Job 23:8-10, ‘Behold, I go forward, but He is not there, and backward, but I do not perceive Him; on the left hand when He is working, I do not behold Him; He turns to the right hand, but I do not see Him. But He knows the way that I take…’
In verses 8-9, Job metaphorically turns in every direction looking for the presence of the Lord in the midst of his suffering. At every turn, Job’s desire to behold the Lord, to see the Lord with the clear eyes of faith, to be experientially assured of His presence—is thwarted…so far as Job’s ability to recognize YHWH goes, He is not there.
And yet, in this darkness, in this blindness, in this numbness, faith stands and declares: ‘But *He knows* the way that I take…’ In this way, Job transfers the decisive center of knowledge from the self to the Lord. I do not know, I do not see, I am not aware of His presence…but *He knows*…He knows the way that I take, He knows the anguish that I am in, He knows the pain of my flesh and soul, He knows—He knows….Job relinquishes the burden of determinative knowledge from his own hands and acknowledged YHWH’s knowledge of himself as the deepest, hope-sustaining truth.

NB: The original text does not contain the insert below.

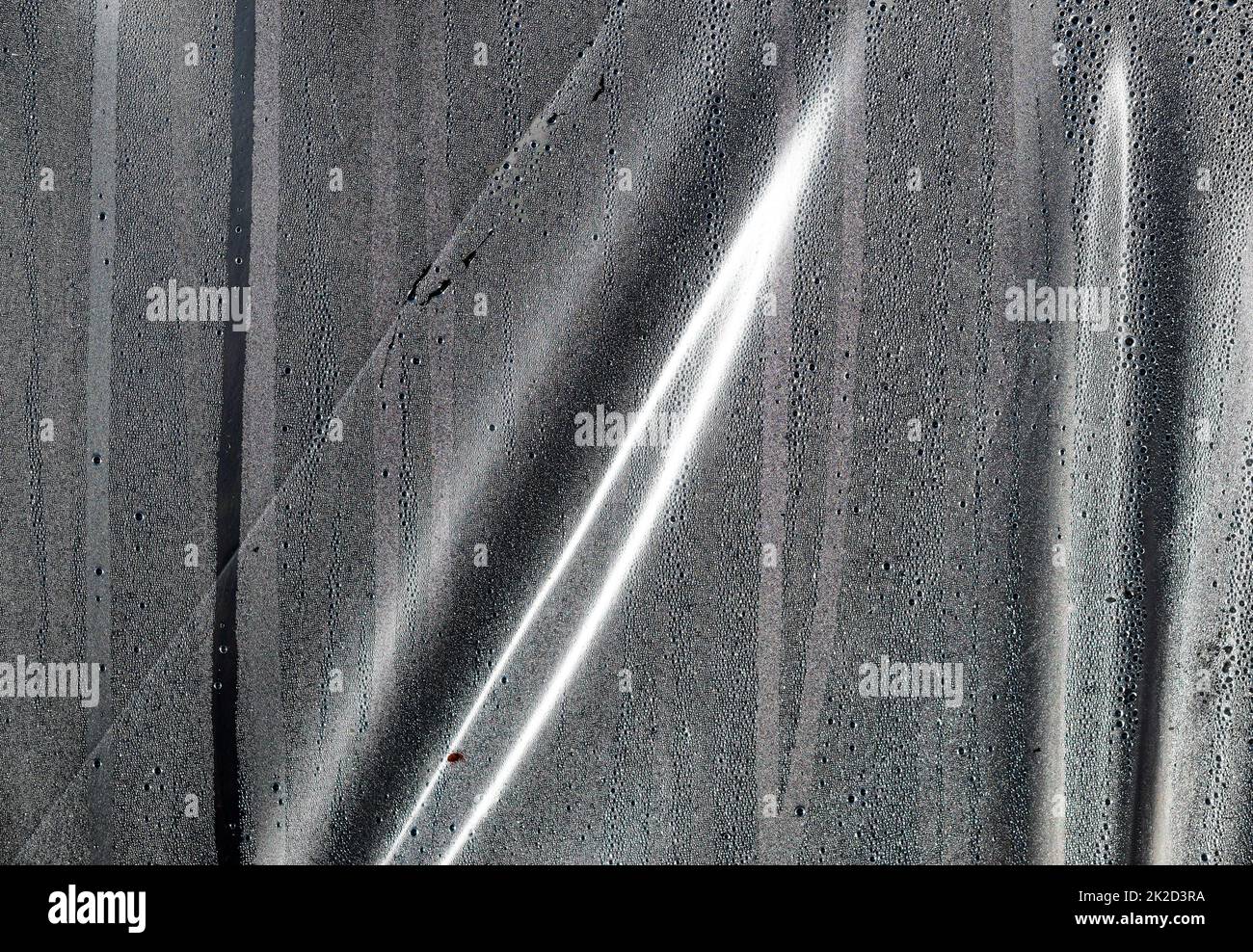 Background of the condensate drops on the film is polyethylene. Water drops texture Stock Photo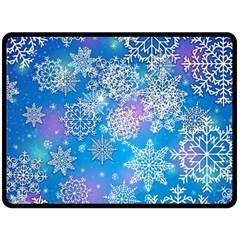 Snowflake Background Blue Purple Fleece Blanket (large)  by Wegoenart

It is not finally that I know Him, but that He knows me….not finally that I can perceive and lay hold of a sure sense of His presence, but that He has lain hold of me, that He is aware of me, and that He is present and at work even—and especially—in the darkness of my ‘unknowing.’
Is this not the epitome of faith as we see it modeled in our Lord on the cross? Does He not, in the mystery of the Passion, enter into our own Godforsakenness, such that His cry ‘why have you forsaken me’ (regardless of broader contextual notes of hope to which it may allude) is truly an experience of precisely the inability to perceive the divine presence as Job expresses it here? And yet, it is to ‘my God’ that our Lord makes this agonized cry—simultaneously declaring the (perceived) absence and (believed) presence of the one true God…
And because our Lord and God has entered even into this place of Godforsakenness, He is—we can be sure—present with as the One who knows us even when we are unable to perceive Him.